Migration of farmers especially from rural, rain-fed in search of daily wages was another area of concern for the participants.
“For this, farming has to be made a lucrative career option,” said Amit Kumar Goswami, agricultural scientist at IARI, New Delhi. He suggested commodity and region-specific cooperative farming, whereby different kinds of crops including oilseeds, pulses are alternated with the staple crop of the region.
Further, raising fish in paddy wetlands or making ducks float in paddy water fields are also good ways to improve earnings while enriching the biodiversity in the fields, he said.

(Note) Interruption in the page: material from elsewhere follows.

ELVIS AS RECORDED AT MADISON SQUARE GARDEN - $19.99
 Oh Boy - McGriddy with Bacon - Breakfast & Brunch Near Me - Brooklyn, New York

Meanwhile, another major challenge to Indian agriculture continued to be the unpredictable impacts of climate change. The distribution of rains is erratic. The quantum of rains in total may be good, but their intensity and time occurrence are scattered, Sharma pointed out.
“We are developing climate-friendly crop seeds that can weather the vagaries, while maintaining the yield,” said Sharma. Hence, region-specific seeds suited to micro climates are being proposed to farmers.
Awani Kumar Singh, principal scientist, protective cultivation technology, ICAR explained how vegetables and fruits can be grown commercially with green house technology in poly houses during off season by controlling the micro-climatic conditions.
The technique, according to him, can also help in minimising the impacts of climate change, using the right impact of sunshine and save crops from birds and animals. The process is however expensive and may not be suitable for marginalised farmers.